Why Do Fewer Points Result in Larger Variances?

Question

In school, we are usually taught the following point:

If you have few data points, if you calculate the variance of these data points, the variance will be very large
As the number of data points increase, the variance will become smaller

Supposedly, this is justified by the "Consistency" property of estimators. That is, since the Variance is "statistically consistent" - as the number of points used to calculate the Variance increases, it will become closer to the "true value" (Show that sample variance is unbiased and a consistent estimator)

This being said, I have the following question:

Suppose someone wants to measure how many baskets I can score in basketball from the three point line. Since I am not a basketball player, I am likely to miss a lot of shots. However, suppose I luckily happen to score 4 times out of the first 5 times - in this situation, my variance would be quite small. But the more I shoot, I start to miss more baskets and then my variance increases.

Thus, in this case, it is possible that fewer data points might underestimate the true Variance.

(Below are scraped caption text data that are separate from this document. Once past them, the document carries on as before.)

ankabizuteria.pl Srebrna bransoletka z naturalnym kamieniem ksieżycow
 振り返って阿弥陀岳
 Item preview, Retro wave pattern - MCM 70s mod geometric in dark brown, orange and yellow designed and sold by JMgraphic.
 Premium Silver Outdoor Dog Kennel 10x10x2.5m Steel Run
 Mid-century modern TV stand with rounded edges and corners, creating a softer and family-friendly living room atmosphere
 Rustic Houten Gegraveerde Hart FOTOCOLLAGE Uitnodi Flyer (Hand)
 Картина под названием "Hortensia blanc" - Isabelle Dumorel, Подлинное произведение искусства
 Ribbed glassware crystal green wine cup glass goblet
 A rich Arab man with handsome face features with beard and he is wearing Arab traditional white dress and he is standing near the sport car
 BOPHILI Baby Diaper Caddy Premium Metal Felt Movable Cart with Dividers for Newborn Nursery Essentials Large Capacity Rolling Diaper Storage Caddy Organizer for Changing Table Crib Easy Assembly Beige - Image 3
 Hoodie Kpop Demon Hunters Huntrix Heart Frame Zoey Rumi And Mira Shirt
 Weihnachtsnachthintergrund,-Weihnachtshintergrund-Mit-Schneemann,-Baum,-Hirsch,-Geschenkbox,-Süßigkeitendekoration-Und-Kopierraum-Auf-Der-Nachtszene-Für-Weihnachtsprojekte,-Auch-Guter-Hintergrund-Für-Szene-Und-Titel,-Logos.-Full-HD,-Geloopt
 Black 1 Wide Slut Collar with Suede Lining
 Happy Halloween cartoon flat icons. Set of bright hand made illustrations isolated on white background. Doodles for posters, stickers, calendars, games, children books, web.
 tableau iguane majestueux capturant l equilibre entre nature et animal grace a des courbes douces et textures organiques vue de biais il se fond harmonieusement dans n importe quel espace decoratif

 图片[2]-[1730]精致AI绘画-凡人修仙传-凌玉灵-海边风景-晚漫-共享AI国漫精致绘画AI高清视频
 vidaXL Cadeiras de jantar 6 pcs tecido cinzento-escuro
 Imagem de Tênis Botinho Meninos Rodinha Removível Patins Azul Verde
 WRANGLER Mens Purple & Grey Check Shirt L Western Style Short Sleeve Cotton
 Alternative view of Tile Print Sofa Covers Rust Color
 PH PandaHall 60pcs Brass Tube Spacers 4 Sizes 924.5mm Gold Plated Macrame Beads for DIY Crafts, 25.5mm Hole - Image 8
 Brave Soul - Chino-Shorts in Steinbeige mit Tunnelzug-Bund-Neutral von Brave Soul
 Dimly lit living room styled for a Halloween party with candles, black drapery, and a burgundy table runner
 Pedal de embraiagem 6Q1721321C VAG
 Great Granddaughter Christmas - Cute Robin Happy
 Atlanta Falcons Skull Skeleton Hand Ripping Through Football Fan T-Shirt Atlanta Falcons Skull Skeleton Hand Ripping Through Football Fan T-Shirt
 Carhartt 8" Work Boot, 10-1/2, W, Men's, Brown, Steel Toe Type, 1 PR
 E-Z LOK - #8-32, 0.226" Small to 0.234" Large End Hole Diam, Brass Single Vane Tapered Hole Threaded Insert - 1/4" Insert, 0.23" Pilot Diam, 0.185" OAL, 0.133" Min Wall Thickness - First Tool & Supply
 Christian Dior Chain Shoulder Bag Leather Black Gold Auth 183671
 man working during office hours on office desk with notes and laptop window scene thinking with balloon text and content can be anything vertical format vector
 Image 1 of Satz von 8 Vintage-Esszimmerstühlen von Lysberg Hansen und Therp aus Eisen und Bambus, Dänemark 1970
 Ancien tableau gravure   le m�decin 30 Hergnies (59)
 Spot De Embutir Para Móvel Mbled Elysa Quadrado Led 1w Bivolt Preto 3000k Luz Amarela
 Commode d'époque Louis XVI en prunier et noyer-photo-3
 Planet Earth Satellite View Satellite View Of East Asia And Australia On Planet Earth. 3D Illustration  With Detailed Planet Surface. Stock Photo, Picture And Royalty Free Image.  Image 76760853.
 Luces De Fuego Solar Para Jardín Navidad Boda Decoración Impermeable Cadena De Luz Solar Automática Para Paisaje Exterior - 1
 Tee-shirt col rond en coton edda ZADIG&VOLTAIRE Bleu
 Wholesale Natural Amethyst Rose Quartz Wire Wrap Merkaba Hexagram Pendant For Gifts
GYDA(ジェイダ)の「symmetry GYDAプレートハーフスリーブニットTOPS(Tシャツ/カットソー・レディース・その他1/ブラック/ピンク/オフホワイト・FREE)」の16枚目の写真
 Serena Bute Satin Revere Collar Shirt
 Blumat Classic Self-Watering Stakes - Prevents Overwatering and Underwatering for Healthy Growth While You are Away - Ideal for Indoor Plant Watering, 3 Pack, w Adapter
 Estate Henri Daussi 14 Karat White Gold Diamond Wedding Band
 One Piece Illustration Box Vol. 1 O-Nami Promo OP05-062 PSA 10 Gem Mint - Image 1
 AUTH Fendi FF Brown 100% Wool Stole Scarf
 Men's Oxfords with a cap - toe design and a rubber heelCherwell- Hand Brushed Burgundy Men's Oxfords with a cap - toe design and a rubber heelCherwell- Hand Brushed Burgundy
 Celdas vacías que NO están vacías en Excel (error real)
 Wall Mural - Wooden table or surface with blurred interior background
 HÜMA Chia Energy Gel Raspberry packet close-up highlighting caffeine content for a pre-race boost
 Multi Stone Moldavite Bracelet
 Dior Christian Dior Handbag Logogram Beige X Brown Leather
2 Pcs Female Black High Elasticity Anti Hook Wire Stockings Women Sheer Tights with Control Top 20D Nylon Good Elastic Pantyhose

This being said, can someone please explain why the variance calculated on a small number of data points is always believed to be much larger than the actual variance ... when in fact it could be smaller than the actual variance?

Thanks!

EXTRA: An R simulation which shows the cumulative variance of a basketball being shot 100 times with success probability = 0.5 (i.e. variance of first n shots, first n+1 shots, first n+2 shots, etc.). This entire simulation is then repeated 100 times and then visualized. Note that the variance after the first shot is always 0 (I am not sure if this is correct).

n_shots <- 100
prob_success <- 0.5
n_simulations <- 100
cumulative_variances <- matrix(nrow = n_shots, ncol = n_simulations)
set.seed(123)

for (i in 1:n_simulations) {
shots <- rbinom(n_shots, 1, prob_success)
cumulative_variances[,i] <- sapply(1:n_shots, function(j) if(j > 1) var(shots[1:j]) else 0)
}
plot(1:n_shots, cumulative_variances[,1], type = "l", ylim = range(cumulative_variances),
     xlab = "Shot Number", ylab = "Cumulative Variance",
     main = "Cumulative Variance of Basketball Shots Across Simulations")
for (i in 2:n_simulations) {
  lines(1:n_shots, cumulative_variances[,i])
}
abline(h = 0.25, col = "red", lty = 2)

Your variance shouldn't change much as you collect more data. If you make 5 of 10 throws, that is the same variance as if you make 500 of 1000 throws. What changes with more data is your confidence that your sample mean is an accurate reflection of your shooting skill. — user317176, Sep 29 '23 at 06:40
You might be thinking of the variance of the mean of a random sample. The more points you sample, the closer the sample mean is likely to be to the true mean. — Karl, Sep 29 '23 at 07:03

score 2 · Answer 1 · answered Sep 29 '23 at 07:20

There are a lot of unstated assumptions in your question, which is what is leading to your confusion.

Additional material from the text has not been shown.